As for movement, watching Christopher Hutchings run, fall, roll, and shake himself off is like watching a good ballplayer do his work on the diamond. Rough and fuzzy around the edges, he’s the opposite pole to Peterson’s focused, driven energy. These two have collaborated for years now, so closely that they can do the same movement in perfect sync, and communicate two different feelings and intentions. Man at work, young woman willing to sacrifice herself to save the world. Peterson sometimes has the inspired, haunted look of Joan of Arc.

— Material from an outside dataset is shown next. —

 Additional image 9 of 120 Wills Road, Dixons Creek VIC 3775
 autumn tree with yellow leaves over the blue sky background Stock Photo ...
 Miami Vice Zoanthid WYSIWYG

What? Can an abstract work of art have such lofty intentions? I remember being struck by one explanation proposed for the rise of abstract painting in the early 20th century, that it was a protest against a world that had become too brutal and noxious to engage on its own terms. Consider that just a few years ago, Laura Peterson was a satirist. Her 2005 “Security” was a spoof on our national obsession with tracking each other, performed on hands and knees in insect garb under a bank of surveillance cameras. But satire seems an inadequate response to the world meltdown-in-progress of 2009. Maybe the answer is to retreat into timeless, fundamental categories of perception, to preserve something human amidst the wreckage.
Not incidentally, “Forever” is a pleasure to watch. You can take it simply as a kaleidoscope, with the sound score acting as the engine to turn the lens and set off a new series of changes every two minutes or so. The sound is loud and funny, with many references to the rough rhythms of everyday life, such as a repeated “boom – boom WHOMP” that sounds like the old applause machine at Shea Stadium, which is now, not incidentally, a pile of wreckage, replaced by a field named for an insolvent bank.
The nice thing about “Forever” is that it can remind you of anything. Besides baseball I was thinking of “Finnegans Wake,” which also has a circular structure, four parts, repetitive themes and snippets of action rather than a narrative. The point of Joyce’s masterwork was that nothing is lost in the great river of civilization, that everything that disappears will rise again. The point of “Forever” could be that when human beings hear sound in rhythm, they have to move, and that’s what makes the river run.
“Forever” continues through Sunday February 22 at Dance New Amsterdam.